For the Respondent:      G Kairinos SC instructed by TWB – Tugendhaft Wapnick Banchetti & Partners.


[1] At the time of the 2013 and 2015 loans, the applicable Codes then in force would have been the Codes of Good Practice on Broad-Based Black Economic Empowerment, 2007 (as amended). These Codes were substituted, with effect from 1 May 2015, by the Codes of Good Practice on Broad-Based Black Economic Empowerment, 2013. These various Codes were promulgated in terms of section 9(1) of the BEE Act.

[2] 53 of 2004.

[3] Paras 43-4 of the founding affidavit, admitted in para 80 of the answering affidavit. The record does not include any correspondence which came into existence during these negotiations.

[4] There are emails in the record sent by Mr Jones to Ms Delport on 19 February 2018 and 9 April 2018.

[5] This may be a reference to Mr Rudi Stumpf. In his answering affidavit, Mr Ditabo states that Netpractice's relationship with Eazi Access began in late 2012/early 2013 when he was approached by Mr Stumpf “who was associated with the second applicant”. Mr Stumpf introduced Mr Ditabo to Mr Wulfsohn.

[6] These principles are by now trite. For recent expositions, see University of Johannesburg v Auckland Park Theological Seminary [2021] ZACC 13; 2021 (6) SA 1 (CC); 2021 (8) BCLR 807 (CC) at paras 65-9 and Capitec Bank Holdings Limited v Coral Lagoon Investments 194 (Pty) Ltd [2021] ZASCA 99; 2022 (1) SA 100 (SCA); [2021] 3 All SA 647 (SCA) at paras 39-51.

[7] MTK Saagmeule (Pty) Ltd v Killyman Estates (Pty) Ltd 1980 (3) SA (A) at 12F-H; Grobler v Oosthuizen 2009 (5) SA 500 (SCA) at para 14; and Comwezi Security Services (Pty) Ltd v Cape Empowerment Trust Ltd [2012] ZASCA 126 at para 15.

 

[8] The measurement of enterprise and supplier development is dealt with in Amended Code Series 400 of the 2013 Codes.
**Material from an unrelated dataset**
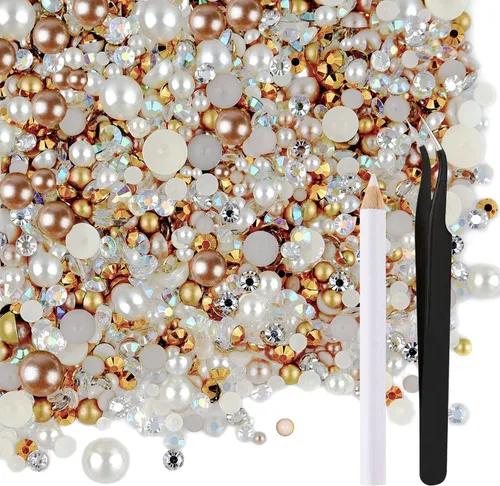 Miniatura 18 de ASTARON 50g Mezcla de Piedras Planas de Imitación con Perlas Medias para Manualidades, Tamaño Mixto 3mm-10mm, Piedras de Imitación de Parte Plana
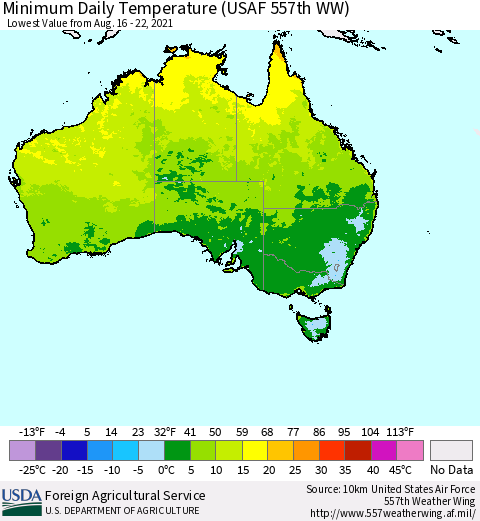 Australia Minimum Daily Temperature (USAF 557th WW) Thematic Map For 8/16/2021 - 8/22/2021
Item 9.1 of Series 400 lists the non-exhaustive forms which enterprise and supplier development may take.

[9] Counsel referred to the current version of the Amended Code Series 400. This includes a substantial amendment promulgated on 31 May 2019, which took effect on 30 November 2019, i.e. after the conclusion of the ED agreement. Nevertheless, in the respects mentioned by counsel, the form of Amended Code Series 400 in September 2017, when the ED agreement was concluded, seems to have been materially the same as the current version.

[10] See Annexe 400B to Amended Code Series 400.

[11] Whether that is correct, in the light of item 4.11 of Amended Code Series 400, is not something on which I feel able to venture an opinion. Item 4.11 provides that where [c]ontributions, programmes and/or initiatives that span over multiple years, the total contribution amount must be divided by the number of years, and the average per year is then to be utilised for the annual contribution”. Assuming that this applies to interest-free loans, it is unclear how one would deal with the case of an interest-free loan which is initially advanced for only one year, with extensions being negotiated annually.

[12] At all material times (i.e. until the amendment of Amended Code Series 400 came into force on 30 November 2019), enterprise and supplier development carried a maximum score of 40 points out of 109 points; and of those 40 points, a maximum of 5 points could be scored for enterprise development in the form of financial contributions, the remaining 35 points being available for enterprise and supplier development in the form of preferential procurement and supplier development. In Eazi Access’s BEE certificate issued on 20 April 2020 (record 132), it scored a total of 89.25 points out of a potential 109 points, of which 36.97 out of 40 were scored for enterprise and supplier development. At most, 5 of those 36.97 points were attributable to financial support, and of course Eazi Access might have financially supported a number of qualifying beneficiaries, not only Netpractice. It is unknown how many, if any, of the 5 points were attributable to Eazi Access’ loan to Netpractice.

[13] Founding affidavit at paras 43-4, admitted in answering affidavit at para 80.

[14] Para 5 of the answering affidavit.

[15] Answering affidavit at paras 39-40.

[16] Answering affidavit at para 47.